Opinion
38211.
DECIDED JUNE 14, 1960.
Action for damages. Early Superior Court. Before Judge Geer. December 19, 1959.
Colquitt H. Odom, Ray Y. Cross, for plaintiff in error.
Phillip Sheffield, Farkas, Landau Davis, Edmund Landau, Jr., contra.
Under the allegations of the petition which showed that both the plaintiff and the defendants were guilty of negligence per se, the questions of which party was guilty of the greater negligence and whether the plaintiff was barred by his own negligence are jury questions. The court erred in sustaining the defendants' general demurrers.
DECIDED JUNE 14, 1960.
John R. Bryant sued Josh Pittman, designated defendant, and Dennis C. Davis, designated co-defendant, for damages for personal injuries and damage to property alleging in part: "Plaintiff was driving his 1956 Chevrolet station wagon and was proceeding at a speed of approximately 20 miles per hour and exercising ordinary care and diligence. Defendant is the owner of an Early County school bus which on the above said date was being driven by co-defendant, as defendant's agent acting within the scope of his authority as agent of the defendant. The co-defendant was driving south on U.S. 27. Co-defendant was driving on the east (his left) side of the road, as if he intended to turn left off the highway, or move onto the east shoulder and stop. The plaintiff was driving on the west (his right) side of the road and the entire west lane of the road was open and clear in front of the plaintiff. The co-defendant gave no signal indicating any intention to make a right turn. As the plaintiff's vehicle came alongside the bus driven by co-defendant, the co-defendant suddenly and without any warning proceeded to turn to the right. When the bus driven by co-defendant crossed the center line of U.S. 27 the right front of said bus collided with the left side of plaintiff's vehicle." The negligence alleged against the defendants was: "The negligence of the co-defendant acting within the scope of his authority as agent for defendant was the sole proximate cause of plaintiff's damages. The co-defendant was negligent in the following particulars: (a) In operating his vehicle on the left side of the highway in violation of Georgia Code Section 68-1633, as negligence per se. (b) In turning his vehicle from a direct course at a time when such movement could not be made with reasonable safety in violation of Georgia Code Section 68-1647, as negligence per se. (c) In turning his vehicle without giving a signal of intention to do so in violation of Georgia Code Section 68-1647(b), as negligence per se. (d) In failing to keep a look-out for approaching traffic. (e) In failing to yield-right of way to plaintiff's vehicle which had preempted the west lane of the highway at the point of impact." The court sustained defendants' general demurrers to the petition and the plaintiff excepts.

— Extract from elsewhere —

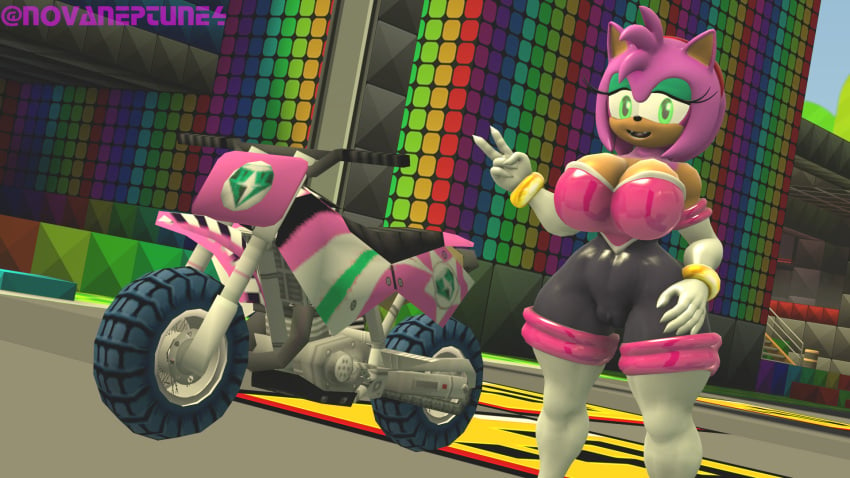 3d_(artwork) amy_rose amy_the_bat big_breasts biker_girl bodysuit busty cameltoe curvy hedgehog hedgehog_girl neckline novaneptune4 rouge_the_bat_(cosplay) sonic_(series) spandex_suit tahlian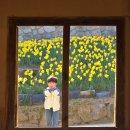 신암면041 | 예산 추사고택 수선화&amp;목련 명소 봄 나들이 아이와 함께 다녀온 후기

The petition shows that the defendants were guilty of negligence per se in violating Code (Ann.) § 68-1633 (Ga. L. 1953, Nov.-Dec. Sess., pp. 556, 581), by driving in the left lane of the highway; that they violated Code (Ann.) § 68-1647 (same act, p. 587) in turning their vehicle from a direct course and moving to the right before the movement could be made with reasonable safety; that they violated the part of the act next above referred to in not giving a signal. The petition shows also that the plaintiff was guilty of negligence per se in violating Code (Ann.) § 68-1635 (Ga. L. 1953, Nov.-Dec. Sess., pp. 556, 582), in attempting to pass the school bus on the right, since the passing alleged does not fall within the exceptions in the act, Code (Ann.) § 68-1636. The general rule is that where one voluntarily and knowingly takes a risk involving imminent danger he is precluded from recovery by reason of another's negligence. However, under the allegations of the petition in this case, and despite the fact that both the plaintiff and the defendants were guilty of negligence per se and were charged with knowledge that the other might otherwise be guilty of negligence per se, justice requires the submission of the case to a jury for the determination of which party was the more negligent, if one was more negligent than the other, and whether the plaintiff is barred by his own negligence in taking the risk he took in this case. In this case the driving of the school bus in the left-hand lane under the circumstances related in the petition might reasonably become an important factor in the jury's determination of the measure of the plaintiff's negligence. The mere fact that a plaintiff is guilty of a failure to exercise ordinary care does not necessarily bar his recovery. Willis v. Jones, 89 Ga. App. 824 ( 81 S.E.2d 517). The question of proximate cause is not an issue since the negligence of both parties combined as contributing proximate causes to produce the collision.
The court erred in sustaining the defendant's general demurrers.
Judgment reversed. Nichols and Bell, JJ., concur.